ちなみにこのメンバーの中で彼氏がいるのはあやののみである。
「私は勿論行くよ!」
「じゃあ、私とこなたと……日下部は?」
「アタシ? 特に用事はないけど……」
「じゃあこの三人で決まりだね。廃校の場所なら教えてあげるよ」
いつもの通り好物のチョココロネを細い方から食べるこなたに、みさおは小さな声で話し掛けた。
(な、なあ、仕事はいいのか?)
(だいじょぶだいじょぶ。戦士達にだって、たまには休息が必要だよ)
それだけ言って、他の四人と雑談に入る。
(……そういうトコが敵とかの巣窟になってるっての……よく聞く話じゃねぇか……)
本当に休息になるのか不安になりながら、みさおはミートボールを口のなかに放り込んだ。
――昨夜、××町で起きた猟奇殺人事件ですが、未だ犯人は見つかっていません。
しかし専門家は『人間ではこのような傷をつけることはできない。獣か何かに襲われたと考えるのが妥当』と言います。

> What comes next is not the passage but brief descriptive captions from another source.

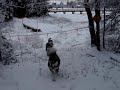 December 2006 - Malamutes playing
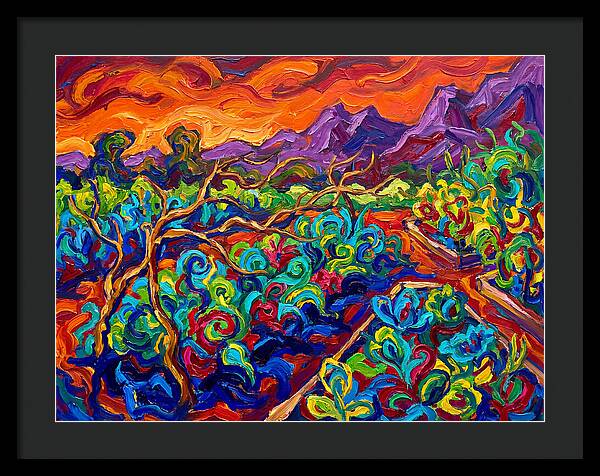 Vibrant Kitchen Garden Landscape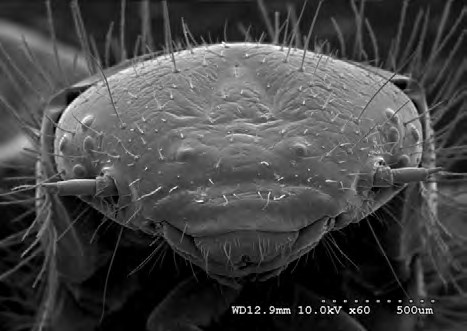 Figure 6: Larval (3rd instar) D. maculatus at 10 kV 60X magnification.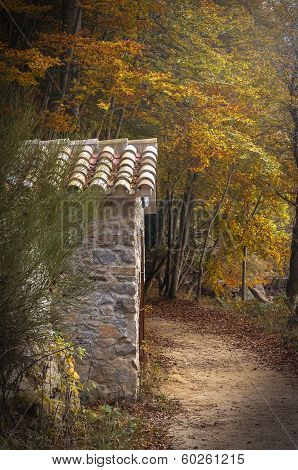 Little Cottage On The Road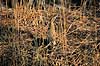 R�rdrum. R�rdrum ( Scan af KOL3769 ) Botaurus stellaris, Ardeidae Utterslev Mose / Sj�lland   fugle Hejrer, hejre, r�rdrummer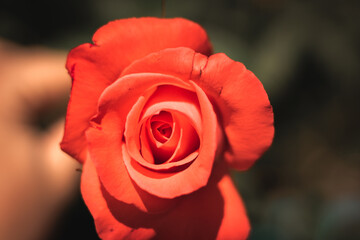 Una mano sujetando una rosa por San Valentín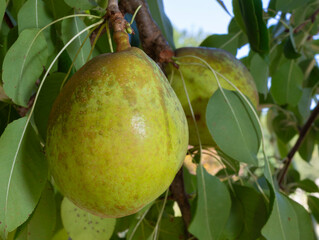 Close up of a green pear growing on the tree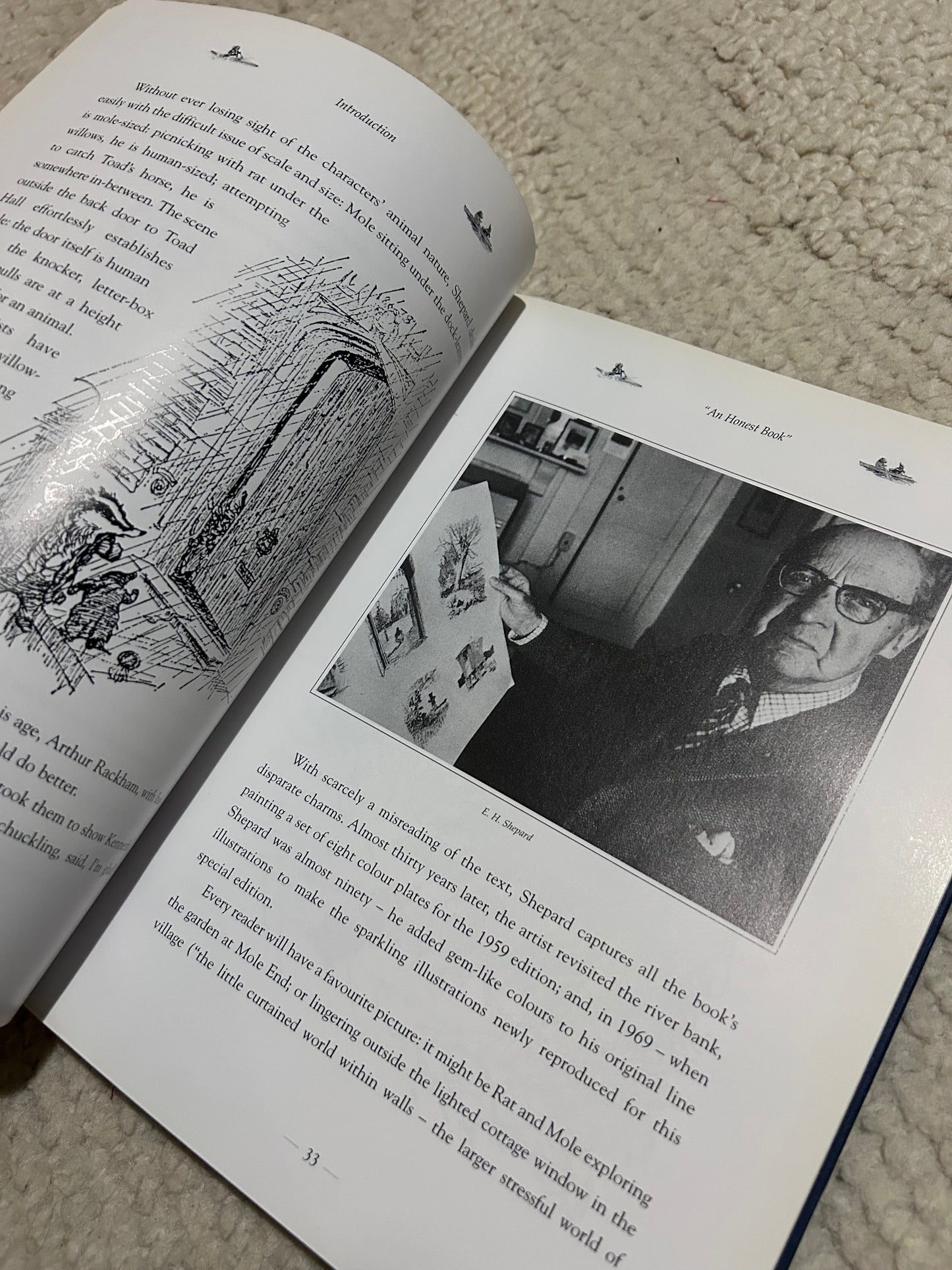 The Wind in the Willows, The Classic Edition, Circa 1998 with Illustrations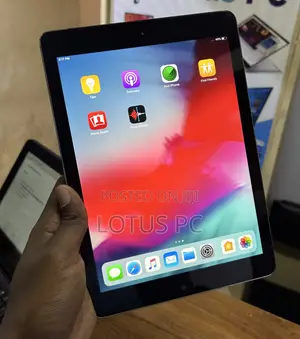 Apple iPad Air 16 GB Gray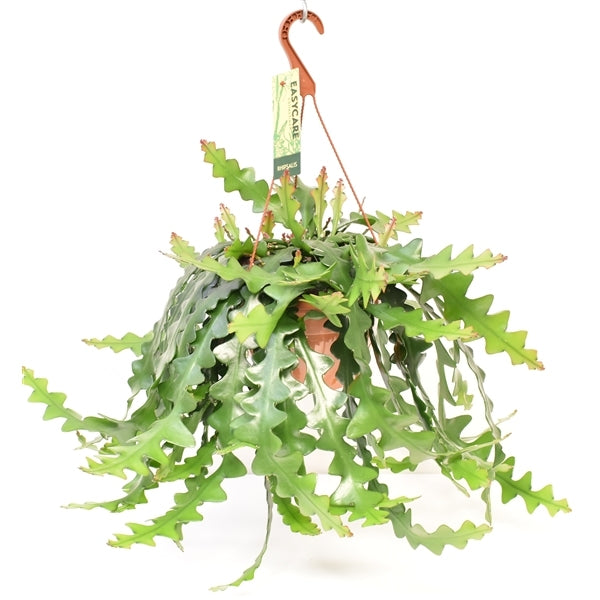 Selenicereus in einem hängenden Topf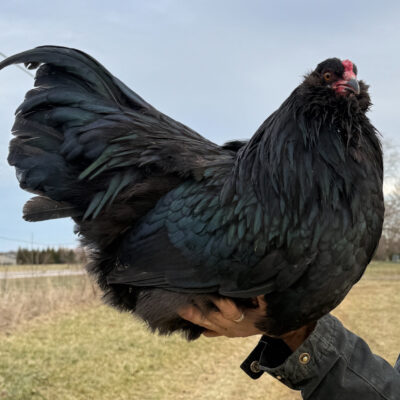 [Summer 2026] Black Ameraucana Cockerel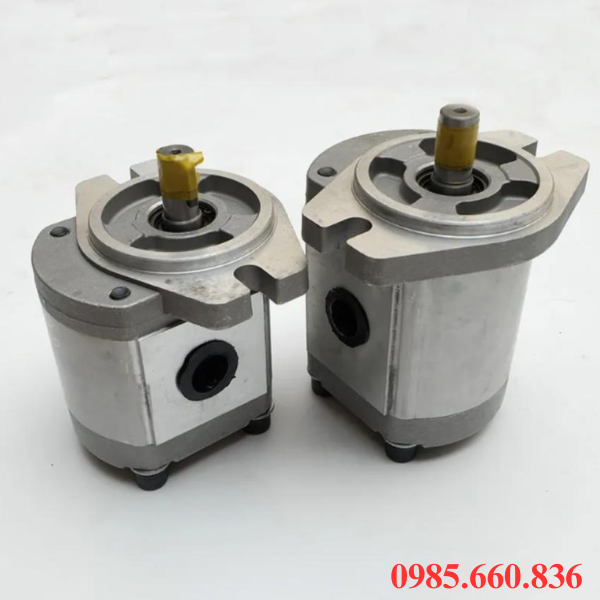 Giới thiệu chung về bơm b&aacute;nh răng JP20/40/F21/S6/R | S6 Trục 22.22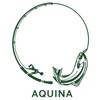 Aquina Flies
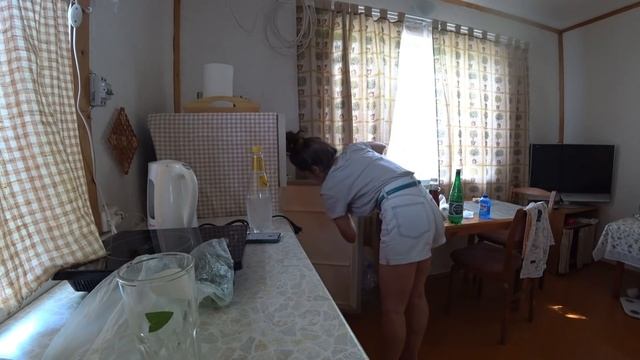 КАПУША! ?ну как так-то, ОПЯТЬ! ?Таффи и Сэдди не хотят дрессироваться ?КОТЯ КОТЯ...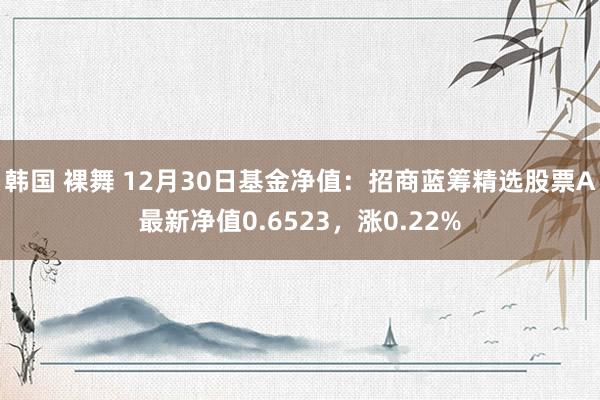 韩国 裸舞 12月30日基金净值：招商蓝筹精选股票A最新净值0.6523，涨0.22%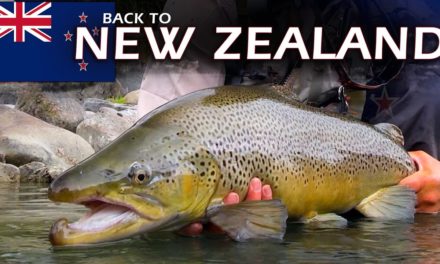 New Zealand Fly Fishing: A Brown Trout Adventure on Crystal Clear Rivers by Todd Moen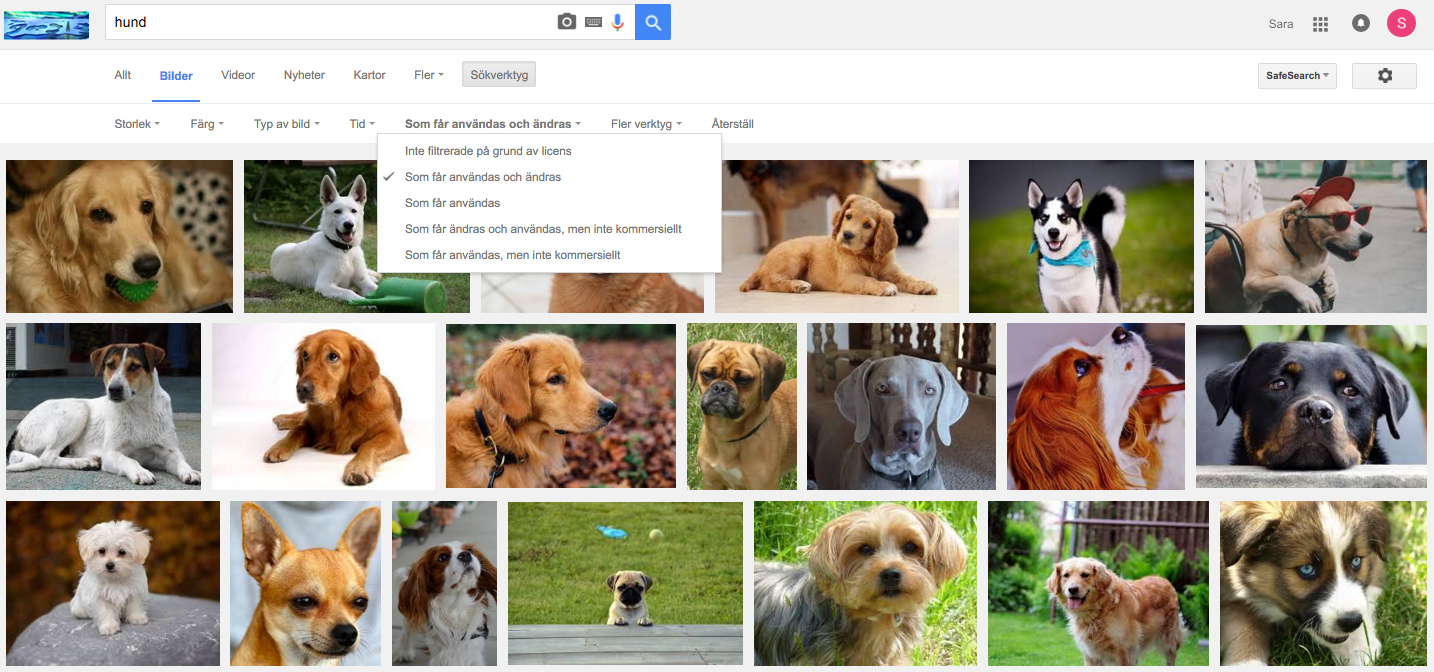 hund-google-sök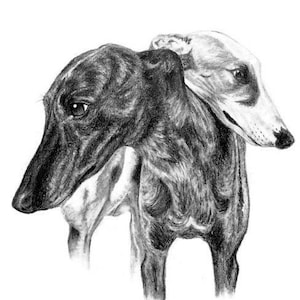 Print of Hand Drawn Sketch of 2 Greyhounds Art Pet Portrait Dog Drawing 8x10" Size Hound Art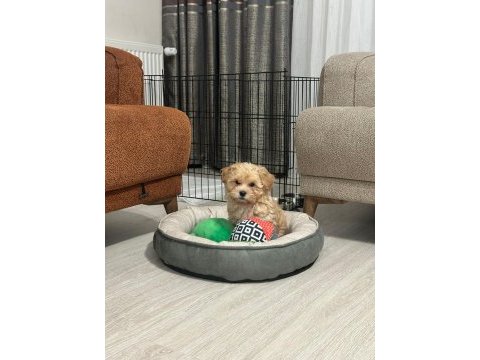 Maltipoo 2.5 aylık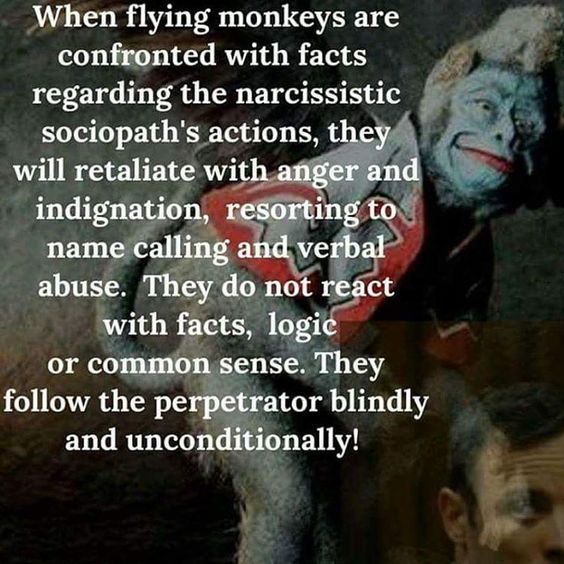 popitwit's tweet photo. @TheRickyDavila Kasowitz is a Flying Monkey supporting the MALIGNANT NARCISSIST Trump #FlyingMonkeyAlert https://t.co/dxL7mwhtk2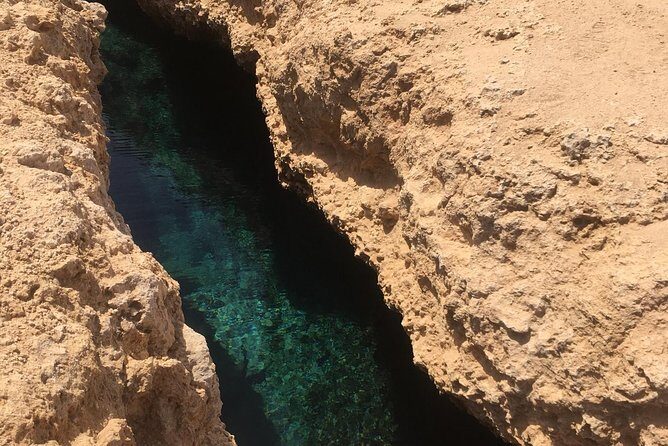1 Day Private Trip to Ras Mohamed By Car From Sharm-el-Sheikh - Who Would Love This Tour?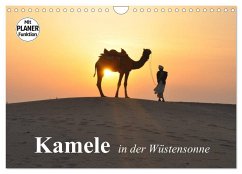 Cover Kamele in der Wüstensonne (Wandkalender 2026 DIN A4 quer), CALVENDO Monatskalender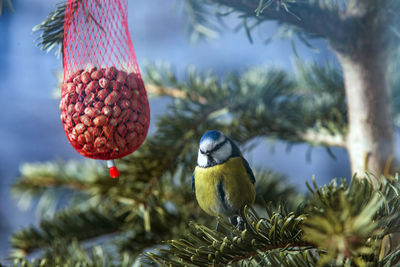 Close-up of bird perching on tree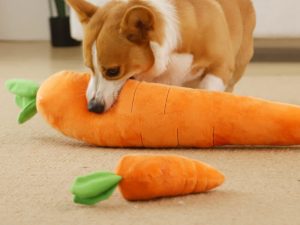 Carrot Squeaky Plush Toy Dog Interactive Toy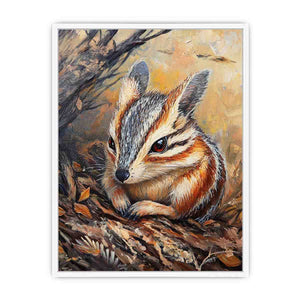 Numbat Framed Print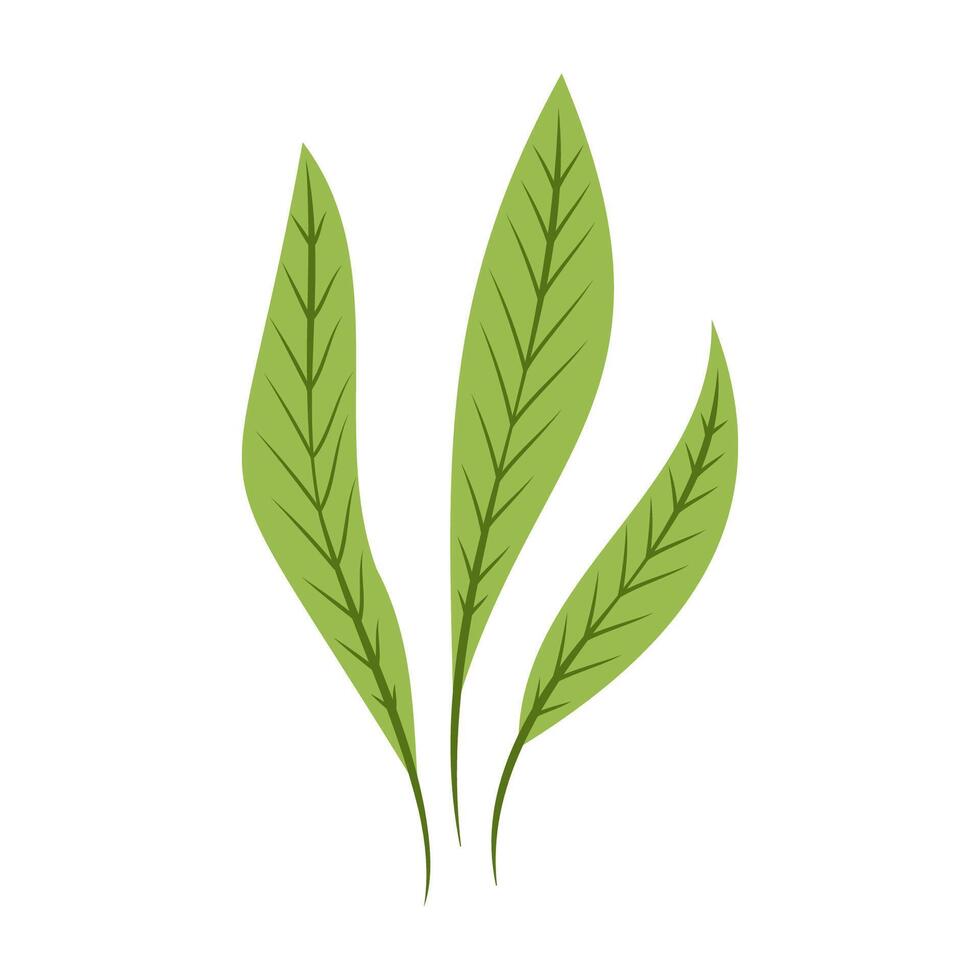 Underwater Plants and Seashells Sea Illustration. vector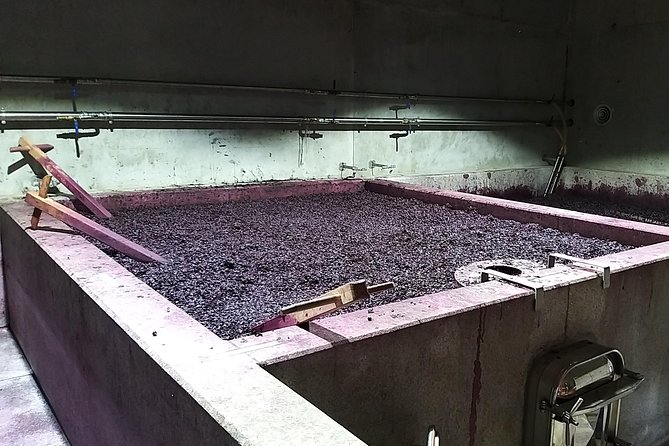 Private Tour to stunning Douro Valley and most renowned wineries - Choosing your winery visits and lunch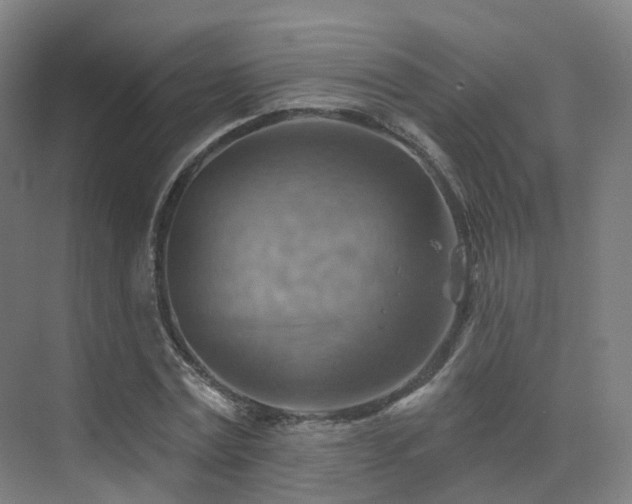 X0000075830779200609151237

街中で起きた事件というだけにその可能性は低いと思われますが……断定はできません。これ以上被害者が出ぬよう、警察には迅速な捜査が求められて――
夜。何気なくテレビを見ていたら、昨日の事件が報道されていた。
『警察じゃ解決できないけどネ』と思いながら、こなたはおもむろに立ち上がった。
「怖いなぁ。こなたも気を付けるんだぞ?」
「うん、わかってる。それじゃ、そろそろ時間だから」
妖魔退治の時はいつも部屋の窓からこっそり出入りしているのだが、今回はちゃんとした理由があるから玄関から出ていける。
久しぶりの休息、たっぷり楽しんでこようと、こなたは意気揚々と出発した。
……ただ、一抹の不安を胸に抱きながらではあったが。